Oleh Rosita Budi Suryaningsih
REPUBLIKA.CO.ID, Timor Leste pernah menjadi bagian dari Indonesia. Meski dari dulu di daerah ini umat IsLam menjadi minoritas, saat masih menjadi bagian Indonesia, banyak perhatian dan peningkatan aktivitas dakwah di sana.
Timor Leste, dulu bernama Timor Timur, juga sebagian daerah Nusa Tenggara Timur lainnya dimayoritasi oleh penduduk Nasrani. Sebab utamanya adalah daerah ini lama dikuasai oleh Portugis.
Padahal, kedatangan Islam di daerah ini lebih dulu tiba. Namun, sayang Islam banyak terkikis oleh agama Nasrani yang dibawa Portugis dengan semboyan gospelnya, yaitu menyebarkan agama Nasrani di wilayah kolonialnya.
Dalam buku Islam di Timor Timur karya Ambarak A Bazher, dijelaskan, Islam sudah ada di Dilli, ibu kota Timor Timur, sebelum kedatangan Portugis pada 1512.
“Pasukan Portugis terusir dari Gowa, Sulawesi Selatan, mereka tiba di Dili dan disambut oleh pemimpin masyarakat setempat yang bernama Abdullah Afif,” tulisnya.
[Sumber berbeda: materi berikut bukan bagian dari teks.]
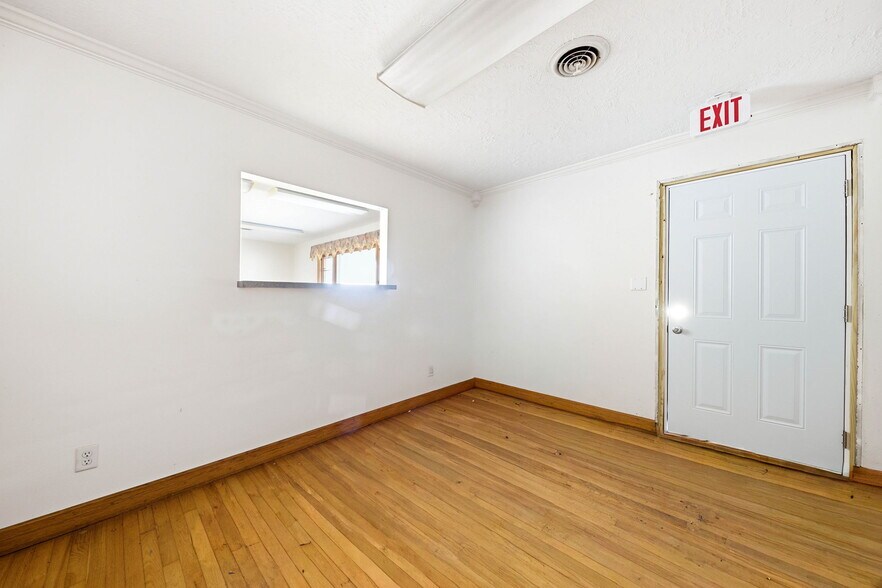 More Photos Of 803 E Broadway Blvd, Jefferson City Warehouse For Sale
Dari nama masyarakat yang menyambut tersebut, bisa dinilai masyarakat setempat telah mengenal Islam dan ada orang Arab yang tinggal di sana. Banyak perbedaan teori yang mengatakan tentang kapan datangnya Islam di Timor Leste ini.
Ada yang mengatakan datangnya bersamaan dengan penyebaran Islam oleh para pedagang Arab yang berlayar hingga ke pulau-pulau dekat dengan Maluku melalui jalur laut di selatan Sulawesi. Ada pula yang mengatakan penyebaran Islam ini dilakukan oleh para ulama dari kerajaan-kerajaan Islam di sekitarnya, seperti Gowa-Tallo, juga Ternate, bahkan Samudra Pasai.
Ketika Portugis berlabuh di sini, wajah Islam menjadi berubah. Peran kolonialis yang punya kekuatan yang lebih besar akhirnya perlahan-lahan mematikan budaya serta pengikut Islam. Bahkan, di daerah-daerah yang belum terjamah oleh Islam, Portugis dengan gencar melakukan Kristenisasi.
Karena hal tersebut, hingga sekarang pun jumlah Muslim di daerah ini sangat sedikit. Saat masih menjadi bagian dari Indonesia, tercatat hingga 1990, jumlah penduduk Muslim di sana mencapai lebih dari 31 ribu jiwa. Terdapat juga 13 buah masjid, 30 mushala, 21 madrasah, 20 lembaga Islam, dan 116 dai yang tinggal di Timor Timur.
Saat ini, jumlah Muslim yang tinggal di Timor Leste hanya sekitar 5.000 jiwa. Ini berarti hanya memenuhi tiga persen dari total penduduk Timor Leste.
Penyebab utamanya adalah karena banyak Muslim yang tadinya tinggal di sini adalah warga hasil program transmigrasi dari Pulau Jawa. Kemudian, setelah negara ini berdiri sendiri, mereka pun kembali pulang ke tempat asalnya.
Dalam pemerintahan barunya di mana penduduk mayoritasnya adalah Nasrani, Muslim hanya mendapatkan sedikit porsi eksistensi. Dalam konstitusi Republik Demokrasi Timor Leste, dalam Pasal 12 dan 45, tercantum negara ini menjamin kebebasan beragama.
Hari-hari besar Islam pun dijadikan hari libur nasional, seperti Idul Fitri dan Idul Adha. Namun, hari besar lainnya, seperti besar Maulid Nabi, Isra Mi'raj, dan tahun baru Hijriyah, belum menjadi hari libur nasional. Di Timor Leste juga belum ditemukan aturan untuk memberikan dispensasi waktu bagi Muslim yang sedang bekerja untuk menjalankan shalat wajib atau Shalat Jumat.